Mind, Matter, and Meaning

Alan Turing

Alan Turing (1912–1954) was a British mathematician and logician, the founder of theoretical computer science and one of the founders of artificial intelligence. In a single 1936 paper he gave the first precise mathematical account of computation; during the Second World War he led the codebreaking work at Bletchley Park that broke the German Enigma cipher; and in 1950 he reframed the question of machine intelligence in terms that have governed the debate ever since. Prosecuted in 1952 for homosexuality, then illegal in Britain, and stripped of his security clearance, he died in 1954 of cyanide poisoning, generally judged a suicide; he received a royal pardon in 2013. His ideas sit at the headwaters of nearly every question this site raises about machines and mind.

Major Works

  • “On Computable Numbers, with an Application to the Entscheidungsproblem” (Proceedings of the London Mathematical Society, 1936) — the Turing machine, computability, and the universal machine
  • “Computing Machinery and Intelligence” (Mind, 1950) — the imitation game (the “Turing test”)

Key Contributions

The Turing machine and computability. Turing analyzed computation into its barest elements — a tape, a finite set of states, rules for reading and writing symbols — and used the resulting abstract machine to make “effectively calculable” mathematically precise. The analysis underwrites the Church–Turing thesis: the functions computable by an idealized mechanical procedure are exactly the Turing-computable ones. It is a claim about which functions can be mechanically computed — not, on its face, a claim about minds. See Computation and the Church-Turing Thesis.

The universal machine. Turing showed that a single machine, given a description of any other, can simulate it. The universal Turing machine is the theoretical ancestor of the stored-program computer — one device that runs any program — and the formal root of the idea that the same computation can be realized on many different physical substrates.

The imitation game (the Turing test). Facing the question “Can machines think?”, Turing judged it “too meaningless to deserve discussion” and proposed replacing it with an operational substitute: a human judge, communicating by text alone with a hidden human and a hidden machine, tries to tell which is which. A machine that reliably passes — that cannot be distinguished from the human by conversation — should, Turing argued, be credited with thinking. The move is deliberately behavioral: it sets aside what is going on inside in favor of what the system can do. Crucially, Turing explicitly bracketed consciousness: replying to “the argument from consciousness,” he declined to settle whether the machine has inner experience, treating that as a separate question from whether it thinks. He also anticipated and answered a battery of objections — the theological objection, the mathematical objection from Gödel, and “Lady Lovelace’s objection” that a machine can only do what it is told.

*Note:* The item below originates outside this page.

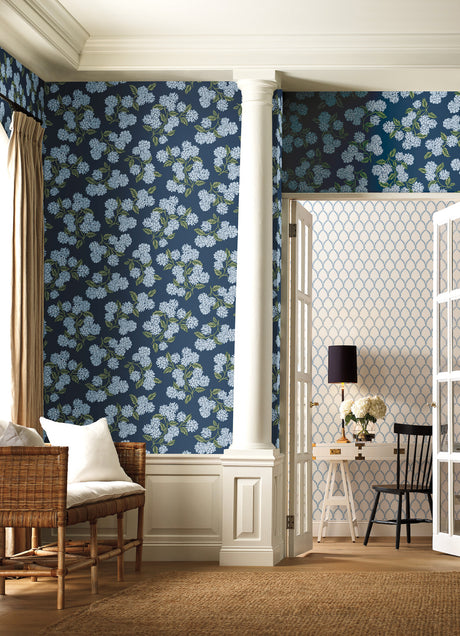 York RI5142 Hydrangea Navy Wallpaper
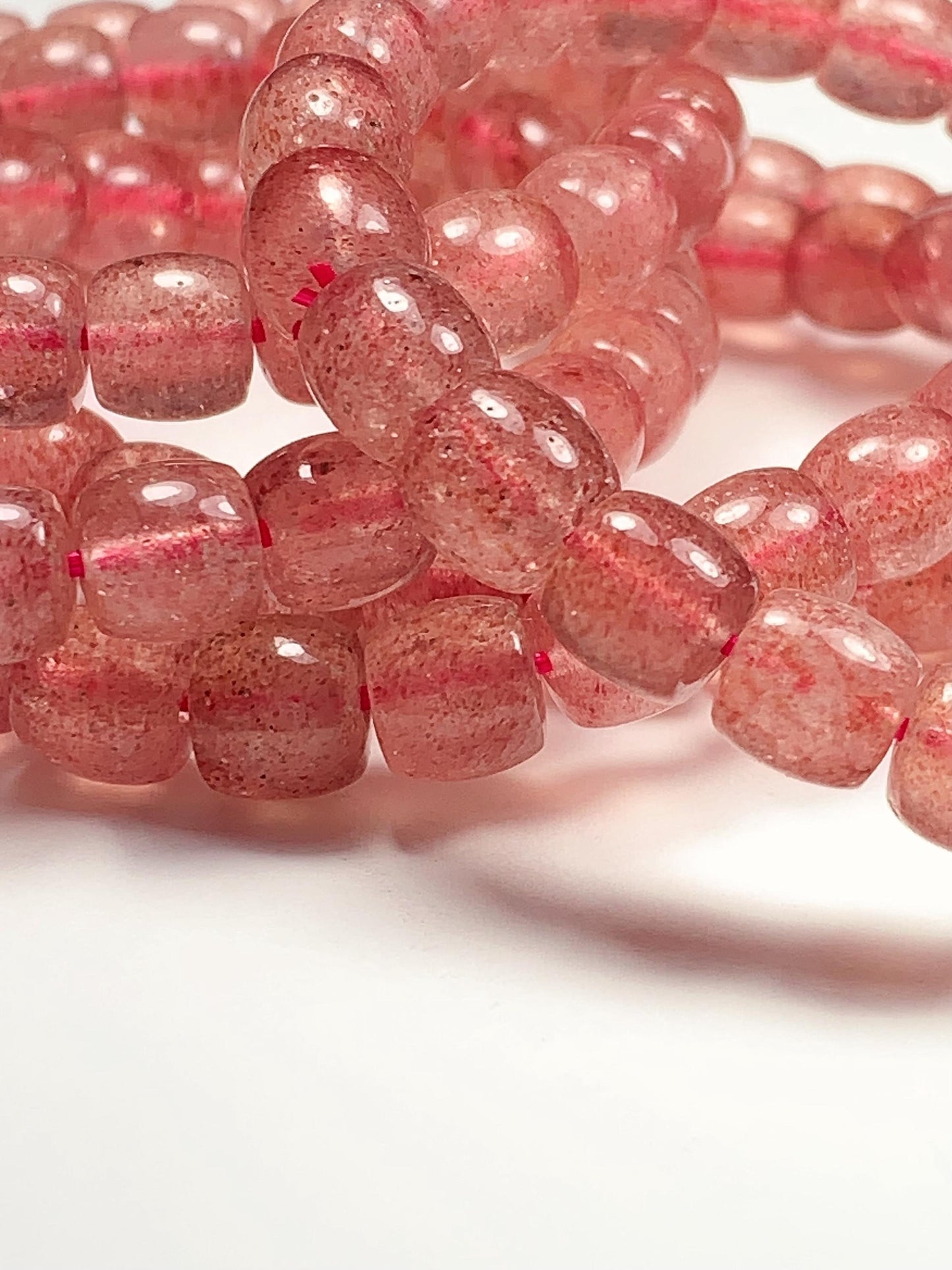 High Quality Transparent Natural Red Strawberry Quartz Stretch Barrel beads Bracelet Gemstone 7x8mm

Relation to the Later Debate

Turing’s framing set the terms for everything that followed. Functionalism and the computational theory of mind inherit his universal-machine picture of substrate-independent organization. Searle’s Chinese Room is, in his own words, a kind of dual of the imitation game — a case designed to show that passing a behavioral language test (manipulating symbols by rule) is not sufficient for understanding. Contemporary work on large language models has revived the test directly: systems now routinely produce human-indistinguishable text, which sharpens rather than settles the question Turing set aside.

My View

Turing is indispensable, and the book engages him at two distinct seams — taking care not to blame him for conflations made in his name.

First, the Church–Turing thesis is not computationalism. Turing told us which functions a machine can compute; he did not thereby tell us that minds are such computations, or that running the right computation suffices for a mind. Treating his thesis as if it answered the metaphysical question is one of the cleaner category errors in the field, and the book separates the two explicitly (see Computation and the Church-Turing Thesis and Simulation and Realization). Turing the logician proved something true and precise; the overreach belongs to his readers.

Second, the Turing test sets exactly the bar the book rejects. The imitation game measures whether a system sounds human, and the whole argument of the book’s final part is that sounding human is the wrong test — what matters is whether a system stands in the world-involving relations meaning and consciousness actually require. I give Turing his due here: in 1950, with behaviorism ascendant and no science of the inner life in sight, an operational test was a reasonable and clarifying move, and he was scrupulous enough to bracket consciousness rather than pretend the test settled it. The error is in his successors who forget that bracketing and wield a passed test as proof of an inner life. The test’s own author would not have made that move. And the reflex the test formalizes — read a mind off fluent output — is precisely the ELIZA effect the book opens with: the projection machine running at full throttle. Turing named the modern question; the book’s answer is that he asked it in the one register guaranteed to miss what we most want to know.